Short text fragments from websites:

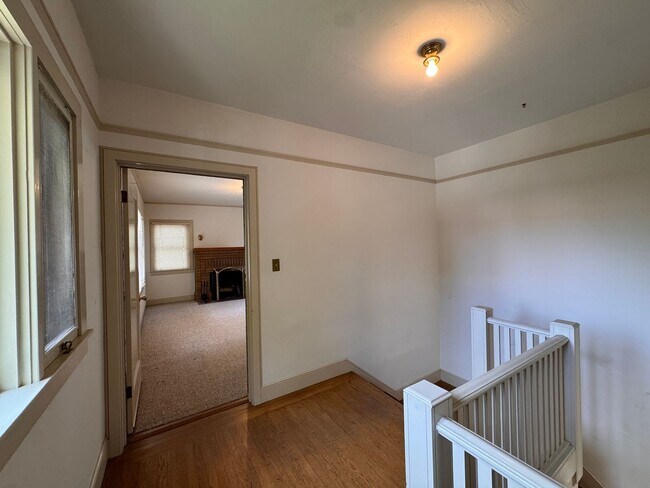 Building Photo - 1029 33rd St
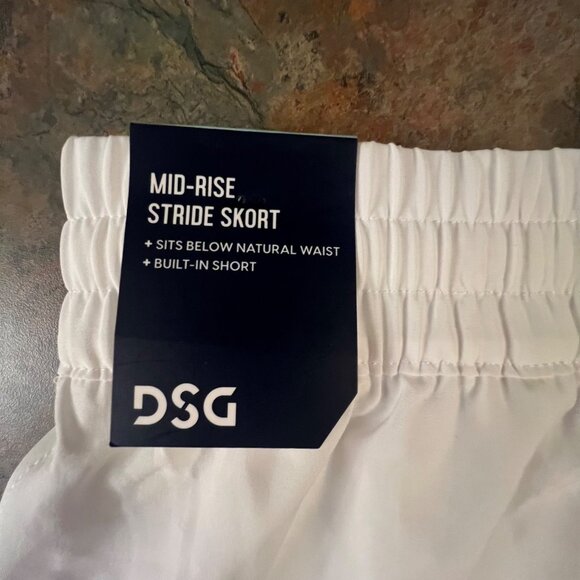 DSG Mid-Rise White Skort With‎ Built-In Shorts - Picture 3 of 9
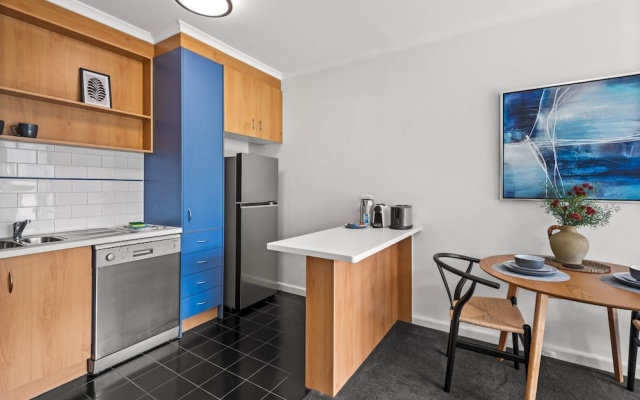 Cosy 1-bed Balcony Unit in Quiet Street by Shops – Kitchen – Melbourne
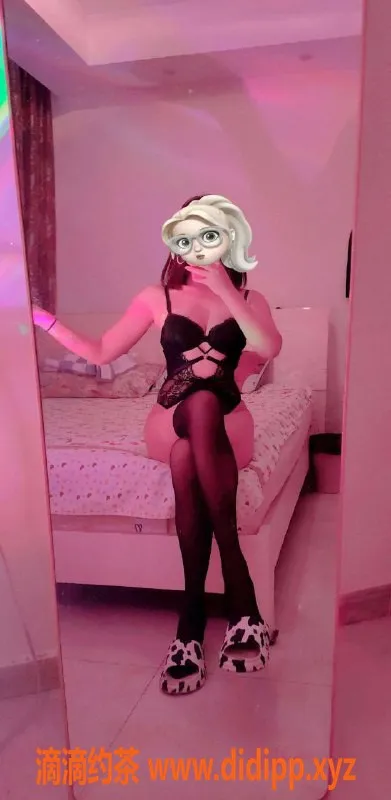 成都楼凤资源信息,武侯区26岁蜜桃，身高170，110斤，体验女友感服务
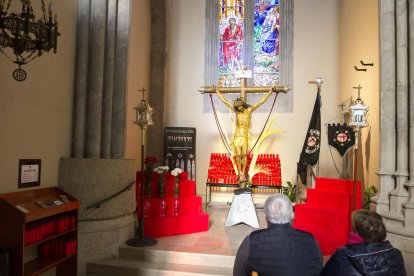 La devoción toma forma de claveles y velas a los pies del Crist de la Santa Creu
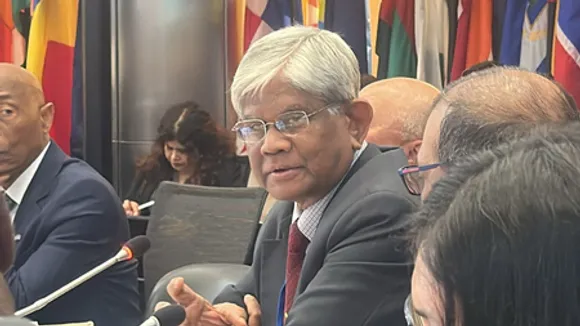 Bangladesh: Secretariat officials confine Finance Adviser inside office over allowance demand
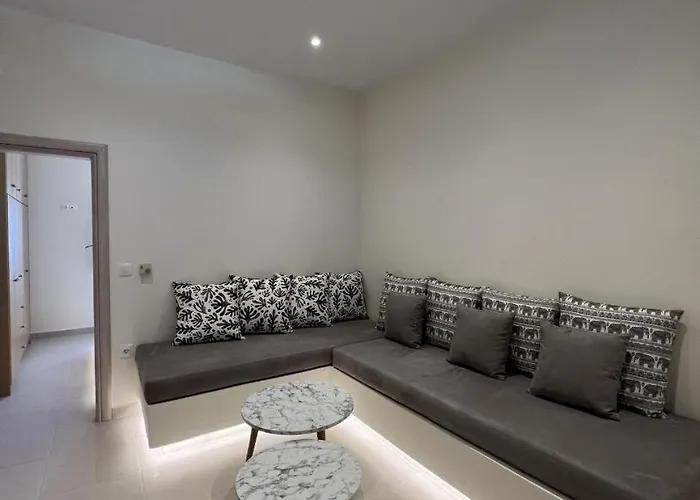 New Sostis & Private Hot Tub Villa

TASK TO CARRY OUT:
Would you please print out all the records above exactly, minus any pictures?

RESPONSE:
 Building Photo - 1029 33rd St
 DSG Mid-Rise White Skort With‎ Built-In Shorts - Picture 3 of 9
 Cosy 1-bed Balcony Unit in Quiet Street by Shops – Kitchen – Melbourne
 成都楼凤资源信息,武侯区26岁蜜桃，身高170，110斤，体验女友感服务
 La devoción toma forma de claveles y velas a los pies del Crist de la Santa Creu
 Bangladesh: Secretariat officials confine Finance Adviser inside office over allowance demand
 New Sostis & Private Hot Tub Villa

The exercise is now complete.